Almost as soon as Toyota’s 86 arrived, motorsport variations of the affordable rear-drive sports coupe have cropped up.
We’ve ridden shotgun in the Pedders production racer , watched Beau Yates drift one (and tried it ourselves) and taken to gravel in a rally-modified version.
Harnessing the model’s undoubted focus on fun, Toyota Australia has jumped onboard the global 86 racing phenomenon by introducing a local version of the ultra-competitive 86 one-make series.
With the promise of strong coverage (the series will form a key support category for the V8 Supercar series in 2016), a Pro-Am layout and attractive prizemoney on offer, it appears as though Toyota will have little trouble filling the allotted 32-car grids come 2016.
Neal Bates Motorsport (NBM) worked with Toyota Australia and key partners such as AirTime Autosport to formulate a local specification that gave the purchaser options. NBM offers a turn-key build, but has also enlisted a small range of trusted builders that provide state-by-state expertise.
On that list is Brown Davis, based in the Melbourne suburb of Bayswater. Established in 1978, Brown Davis has become an institution in the fields of roll-cage construction and long-range fuel tanks (among other specialisations), but is also able to create bespoke vehicle builds to customer requirements.
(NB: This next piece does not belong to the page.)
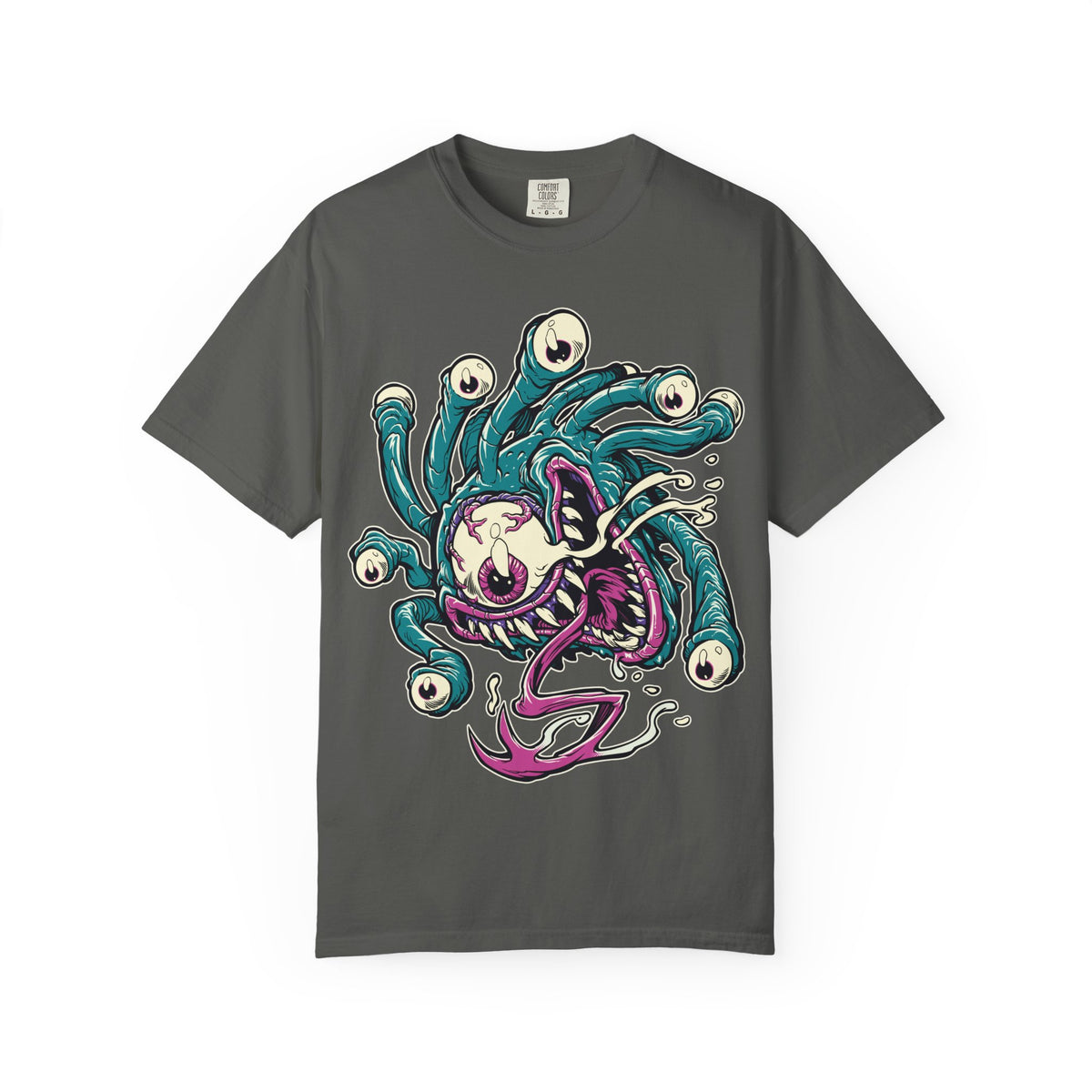 Beholder Shirt - Eye Tyrant D&D Monster Tee for Tabletop Fans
Wandering between founder David Brown’s Group Nb Datsun 1600 (“It hits 231km/h down Conrod, flat through the ‘Chase,” Brown smiles) and a shiny new Polaris off-road racer, a stripped 86 is being nipped and tucked as its roll-cage is installed for the one make series.
“This is the first one we’ve worked on for the series,” explains Brown as I notice pictures of Targa Tasmanias past, showing Mick Doohan and the late Barry Sheene punting factory AMG Mercedes around Tasmanian stages (Brown Davis managed the car builds).
“So this cage process might take us two weeks. Once we’ve done it once, we reckon we can turn it around in a week and a half comfortably.”
Brown Davis is one of four specialist outlets approved to supply and fit the CAMS approved 86 series cages, and is also down to build a couple of examples to order for Victorian purchasers.
Brown shows motoring.com.au the cage requirements, which may to some look excessive against something designed to minimise weight and complication.
“We don’t compromise on safety,” he explains.
“For this series, being one-make, every car is in the same boat, every car is identical and safety is paramount, so it doesn’t matter if the cage weighs a bit more.”
We arrive to a stripped 86 with sections of the cage tacked in, as Brown explains the cage making art form in detail. Made of Cold Drawn Seamless mild steel, the whole lot weighs a substantial 75kg. Chrome Moly tube would reduce weight to around 40kg, but adds a lot of complication and expense to the process.
Brown refers to the finished product as “six-point core with additions”, adding that many builders become too caught up in point numbers and aesthetics rather than looking at how the additional bracing ties-in with that base structure.
The steel itself is “minimum 350MPa strength, though ours is around 420MPa.
“A lot of people build pieces into cages that might look pretty, but can compromise strength,” Brown explains.
“See this? [He points at a tube section running down the B-pilllar] We’ve set it 20-25mm in from the body, so we can weld the join all the way around. I’ve seen some builders fit a similar section and only weld 75 per cent of the joint, because that’s all they can get to. You’ll lose over 30 per cent of the join’s strength doing that… and really, they shouldn’t be given a logbook.
“It’s items like that that add further strength, and safety. It’s really just commonsense at the end of the day.”
The intricacy of shaping the tube to the exacting requirements of the 86 becomes more evident when you see how snugly the forward bars – which extend to the front strut mounts – meld around the dash and door trims, and how the screens have been carefully removed to allow maximum welding access and final snugness.
“The idea is to do most of the pre-fab work and joins out of the car,” Brown states.
Other attributes (“compromises”) include the slight V-shape in the roof section to accommodate a taller driver’s helmeted head.
“If the driver was five-foot-six and the only person to ever climb in, I’d make those bars straight,” he says.
The side intrusion layout offers two separate tubes, set so they ‘kiss’; a plate will marry these sections for further rigidity.
“Basically, we want to make sure that if there’s a substantial impact, there are multiple sections taking the hit,” Brown says.
It’s all explained in an unfussed manner, though Brown catches himself on a couple of occasions.
“I could explain the mathematics behind the layout, the tube widths and how the design has already undergone finite analysis, but I like to bring it to a level so everyday people can start to understand just how important roll over systems are to driver safety.”
When a 32-strong grid of buzzing Toyota 86s descend on a V8SC round next year, you can be sure that safety was foremost in the minds of those who built the cars.